A propósito de la Virgen y de su dimensión contemplativa, hay que destacar su espíritu carmelitano.

Con su fidelidad a toda prueba acompañó por años a las Carmelitas de San José como capellán de la Misa Dominical, y en Septiembre del año pasado viajó por un fin de semana a Puerto Montt a la bendición de la primera piedra del futuro Monasterio Carmelita.

Pero no solo las Carmelitas se beneficiaron de su espíritu sacerdotal. También las Monjas de la Visitación y muchas otras. Igualmente, sacerdotes, diáconos y numerosos laicos, hombres y mujeres, experimentaron su amistad y servicio sacerdotal.

Excelente predicador de retiros siempre tenía algo nuevo que dar, producto de su oración y lectio divina.

Así lo experimentaban los seminaristas, en los retiros del Propedéutico o de la Casa de Filosofía o Teología. Y especialmente, era casi obligado que los retiros se preparación al diaconado o presbiterado los predicara él.

Junto a la predicación estaba la dirección espiritual. ¡De cuántos seminaristas fue el Director o acompañante espiritual, como se dice hoy. Y, además confesor.

También sacerdotes y Obispos, como yo mismo, tenemos una deuda de gratitud con él. Siempre había que disponer de más tiempo para ir a verlo porque le gustaba hablar al inicio de otras cosas, así uno se despegaba de uno mismo y se ubicaba en el contexto más amplio del Plan de Dios.

Su conocimiento de la Escritura, de los Padres y de los Santos –cuyos libros clásicos recomendaba- unido a la experiencia de vida hicieron de él un buen conocedor de los caminos por los que Dios quería transitar en cada alma humana. Así son amistad, sabiduría y caridad del Buen Pastor, supo entrar en el corazón de sus dirigidos, animándolos en la vida de fe, de esperanza y caridad.

5.- Don Vicente no fue solo un contemplativo. También un apóstol. El criticaba el “cachimbeo” o activismo sacerdotal pero se tentaba cuando le pedían un curso bíblico, un retiro o una Misa. “A ti te gusta” decía de los otros pero también a veces de sí mismo.

Su caridad pastoral era muy personalizada. Aunque a veces nos reíamos en las reuniones de formadores porque olvidaba los nombres, no olvidaba lo original de cada uno. Pues, –como dice la Escritura- el hombre miras las apariencias pero el Señor mira el corazón. Eso trataba de hacer Don Vicente. Con motivo de sus 60 años de sacerdote, en entrevista concebida a la revista “Iglesia de Santiago” dijo tener como recuerdo imborrable de su paso por distintas parroquias el cariño y afecto que la gente siente por la Iglesia y sus sacerdotes, más allá de sus limitaciones y debilidades.
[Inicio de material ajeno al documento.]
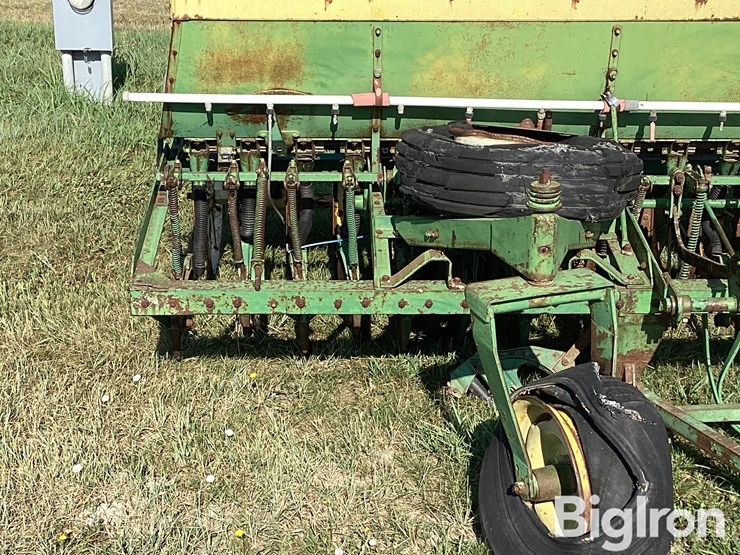 deere-tires-image-17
Y refiriéndose al sacerdocio decía que es una experiencia hermosa, que requiere de una gran vocación de entrega y de servicio. Y añadía: “Los jóvenes que ingresan al Seminario deben estar seguros de su vocación, tener una actitud de humildad para escuchar lo que el Señor quiere de ellos. Y sobre todo, deben tener un gran espíritu de justicia para que sean capaces de dar testimonio de la bondad del Señor a los demás”.

6.- Entremos ahora en la Liturgia Eucarística. Demos gracias al Padre, por Cristo, en el Espíritu, por este sacerdote fiel que nos dio.

En este Año Vocacional, recojamos su testimonio de vida y su herencia espiritual para renovar nuestro propio sacerdocio, como servidores de Cristo, de la Iglesia y de nuestros hermanos. Que su ejemplo anime a muchos jóvenes a seguir el camino sacerdotal y dé perseverancia a los seminaristas.

Justo cuando hemos comenzado la Novena de la Virgen del Carmen y pocos días antes de la celebración de San Elías y de San Benito, que tanto lo inspiraron, el Señor lo arrebató en el sueño, dándole una muerte apacible, como fue su vida. Ha entrado así, en la Vida dichosa y feliz.
Confiados en la misericordia de Dios, podemos cantar con él y como él lo que tanto anheló: ¡Qué alegría cuando me dijeron. Vamos a la Casa del Señor! AMEN.